6/6/18, 1:55 AM: Computer Vision: Bundle Adjustment
In the application of computer vision in 3D reconstruction, bundle adjustment is the optimization of various parameters relating to the reconstruction. Most understandably, we might want to optimize the 3D locations of viewed features and camera positions from a stereo reconstruction.

Optimization
Optimization implies that there is an error to minimize in a system. In this case, the system is the 3D reconstruction, containing all of the reconstructed points, and for simplicity of explanation, two camera positions that viewed the reconstructed points. The error in the system is a little less straightforward to explain.

To compute an error in the system, we must first be able to make a measurement, and compare it to an observation. The measurement to be made here is the triangulated position of features viewed by both cameras. Via triangulation, a 3D position of a feature can be found, given the location estimates of both cameras, and the bearing of the 3D feature from the cameras, obtained using 2D image coordinates. Several of these 3D points are measured, by iteratively matching 2D image features, and then triangulating their 3D positions. The 3D point locations are computed assuming the matches, camera locations, and 2D image coordinates are accurate, which they are exactly not, and this is where the error arises. How the error is measured is fairly straightforward. The (probably inaccurate) estimates of camera poses are known, and their calibration matrices are known, so their projection matrix estimates are known. One may then project a reconstructed 3D point back onto the image plane of both cameras (one at a time for now).

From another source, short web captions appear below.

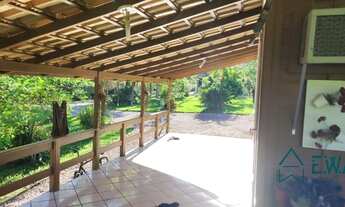 Imagem 4: Tijucas - Sítio - timbe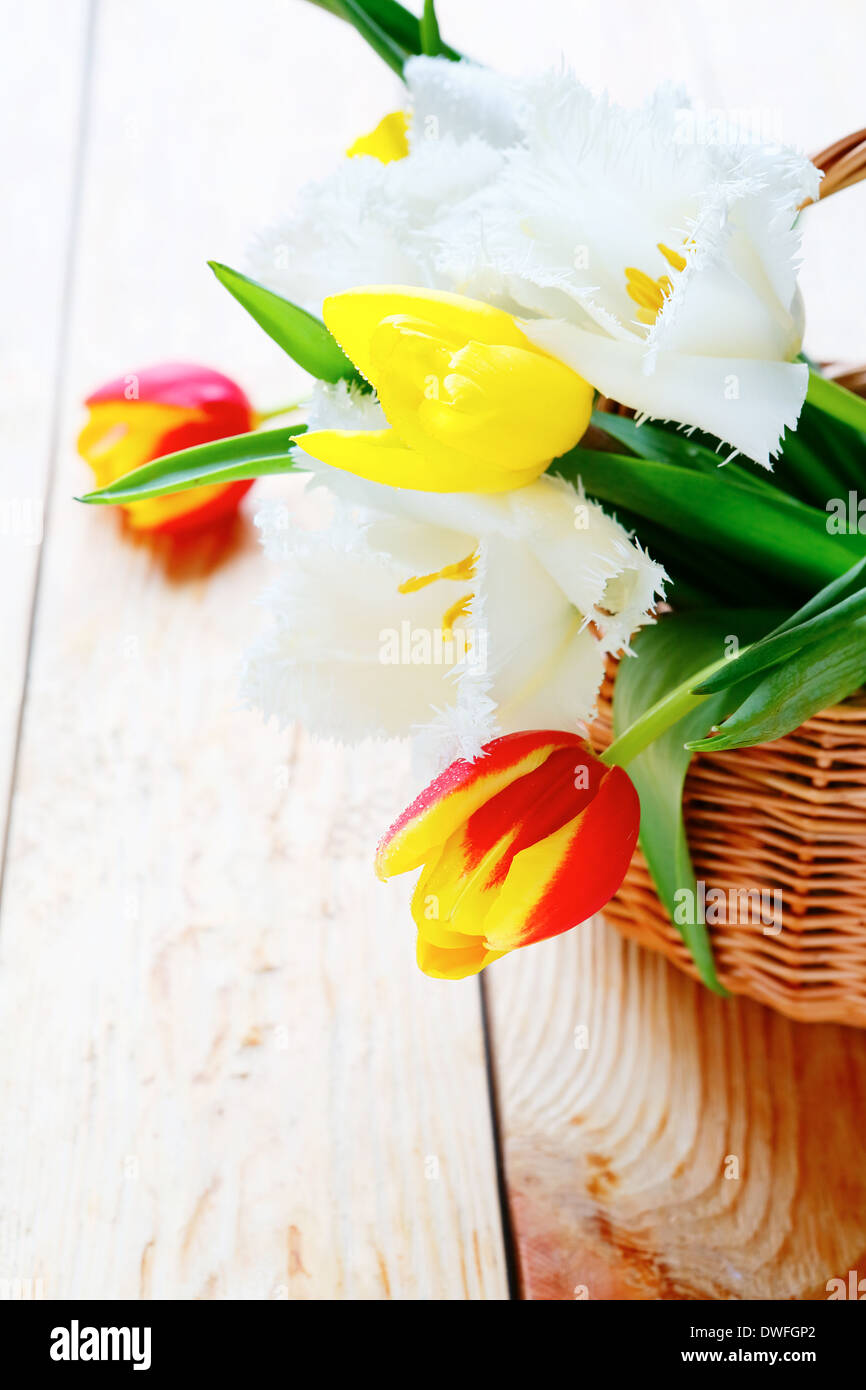 Strauß frischer Frühling Tulpen, Blumen Stockfoto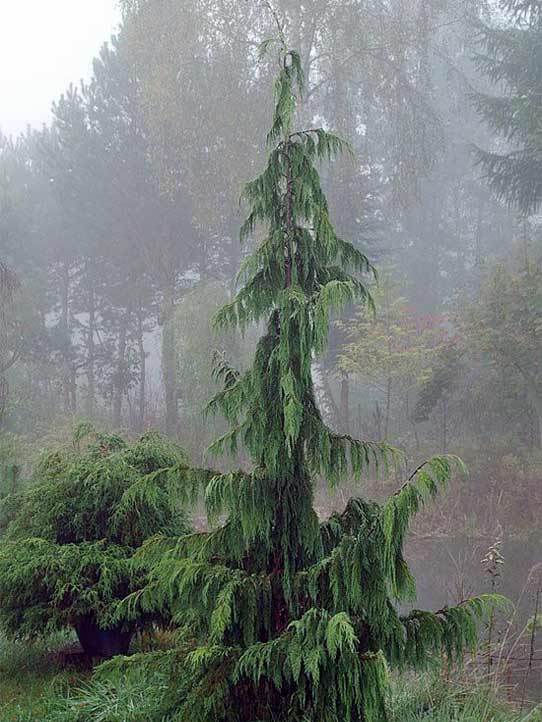 Cyprysik nutkajski Klippert C3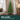 Slim profile: a tree for corners and smaller rooms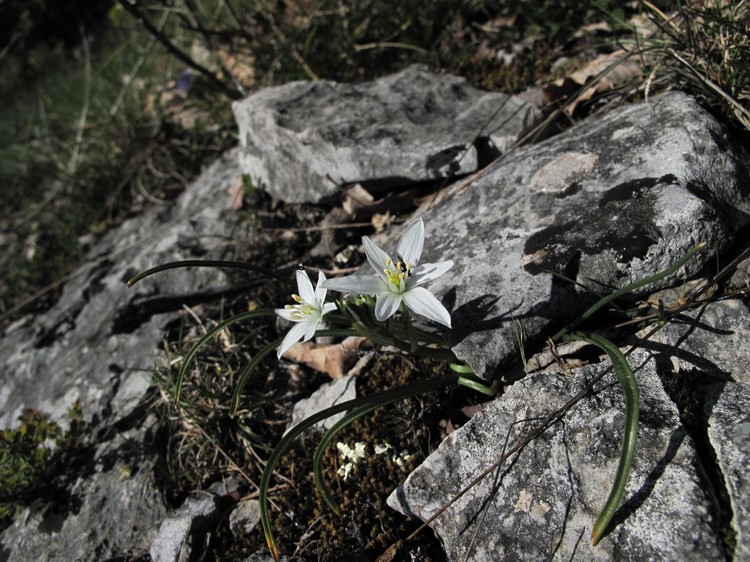 Ornithogalum gussonei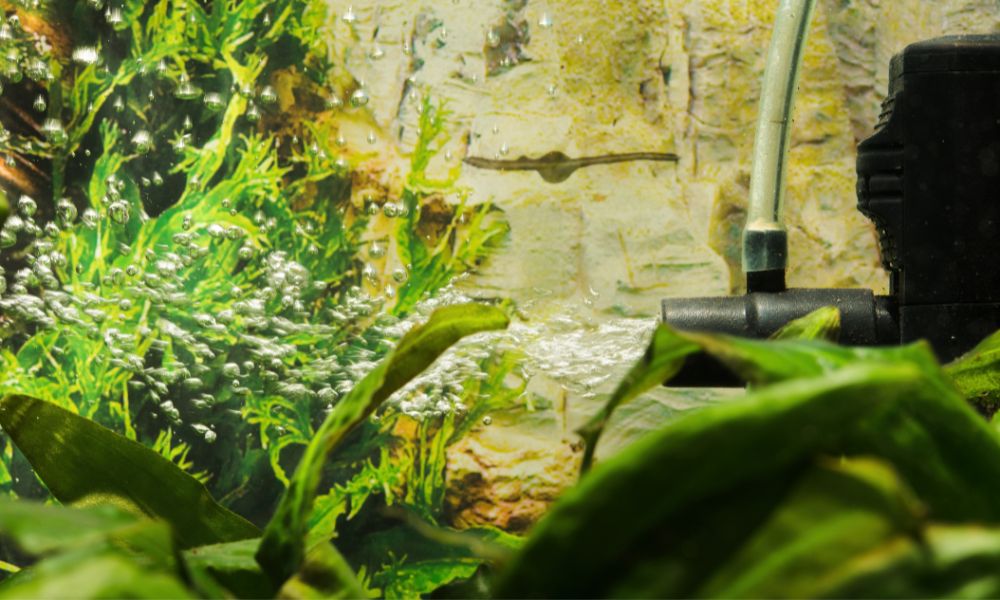 Ways To Make Your Aquarium Filter System Quieter Fish Tanks Direct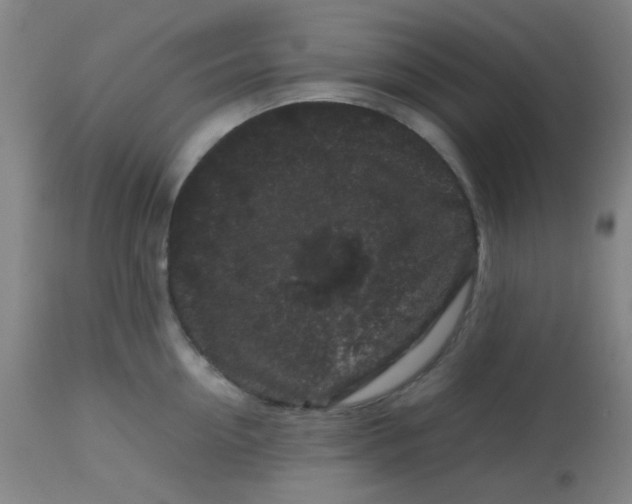 X0000113760954200910211206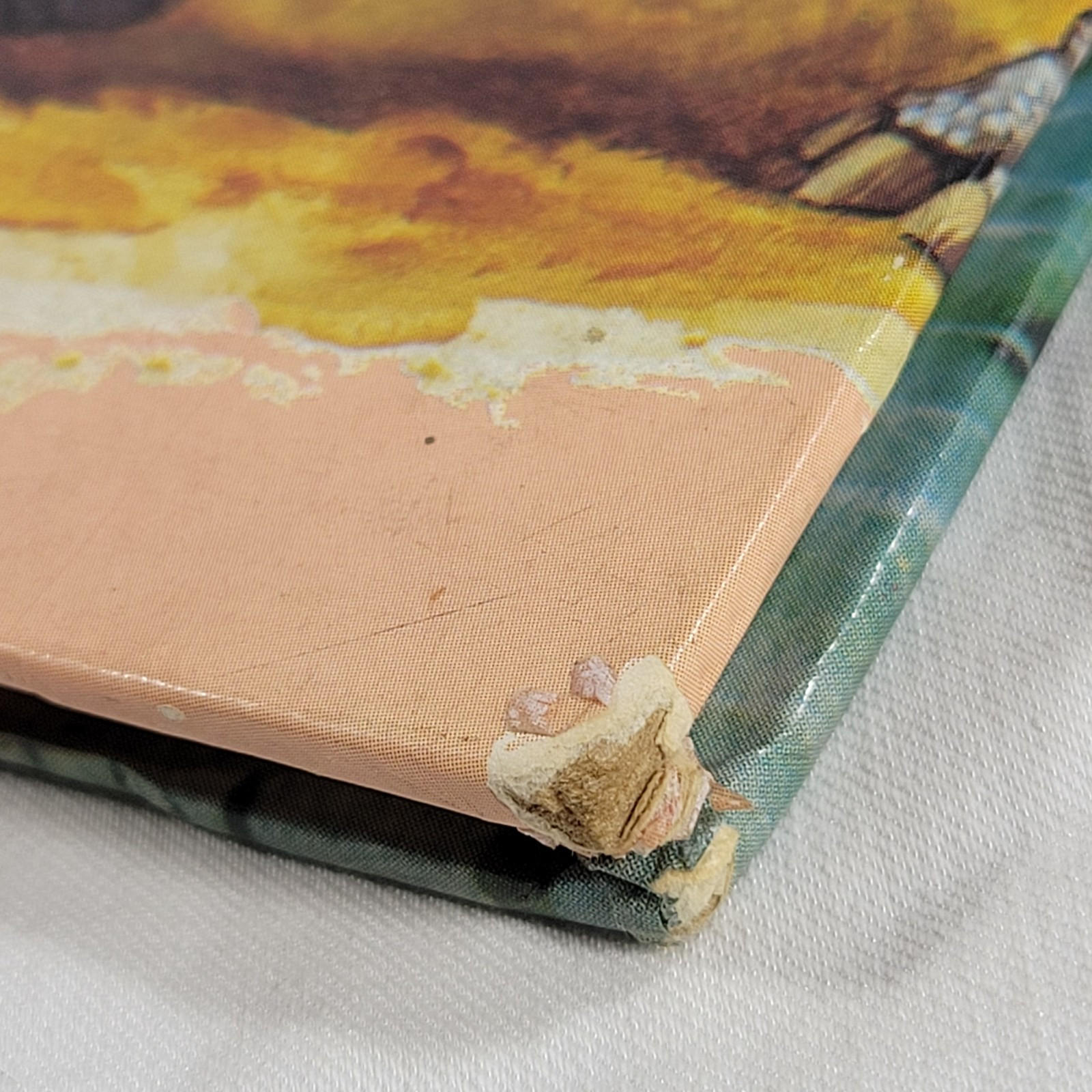 Dinosaurs And Prehistoric Animals Book Vintage 1981 Kid&rsquo;s Hardcover Honey Bear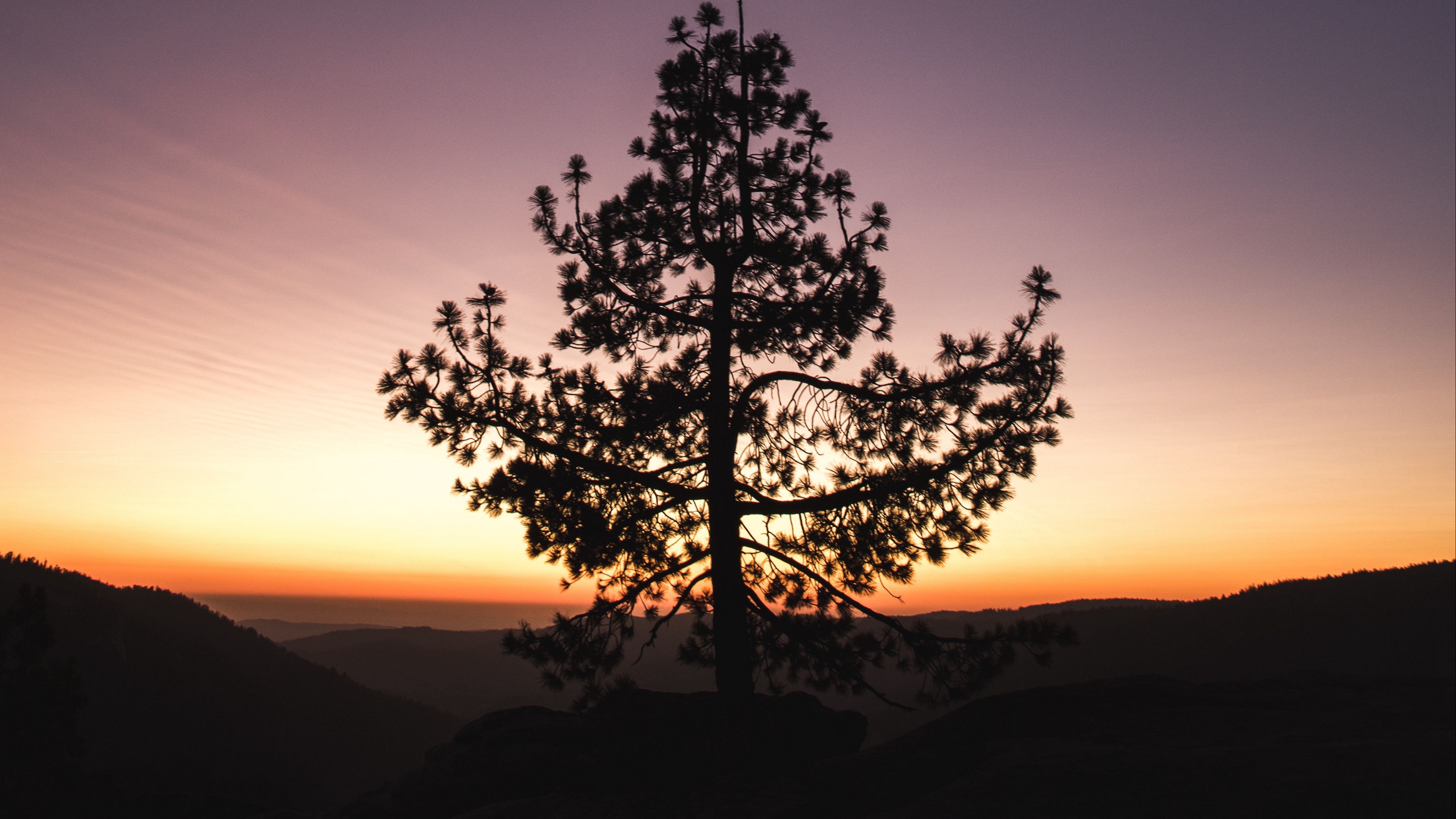 tree, sunset, horizon, 4k, HD Wallpaper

Certainly, because of the assumptions that the triangulation process makes about the accuracy of the parameters passed to it, a 3D point reprojected back onto the image plane will not lie exactly on its parent 2D feature. This disparity is called the reprojection error and it is the error we seek to minimize. This reprojection error is summed up analytically for all the 3D features seen in all camera frames, a bundle of camera frames and hence it gets its name, bundle adjustment. The differential of this function is then the cost function, and is used in a minimization problem. For the curious, this is a task well suited for an optimization library, something like Ceres-Solver (BSD licensed), by google.

Parameters
In order to obtain the cost functor for one observation of a 3D feature, the following parameters are required:
1. Focal length
2. Distortion parameters
3. 3D View pose (translation, rotation)
4. 3D Feature position (translation)
5. 2D Feature position

The first four parameters are for computing the projected 2D feature position on the image plane that had observed the 3D feature. The last parameter is an immutable (unchangeable) parameter for comparison, and computation of the reprojection error. Detection of a 2D feature is the least unstable, and is thus used as some kind of ground truth to compare the measurement against.

A unique observation is made when a camera sees and recognizes a 3D point in the reconstruction from the 2D features in the image it contains. Hence, for each 3D point that is seen by each camera, an observation consisting of a unique combination of the above parameters exists.

For example, 3 3D features are seen and shared by two camera frames. Then, 6 different combination of the above 5 parameters exist.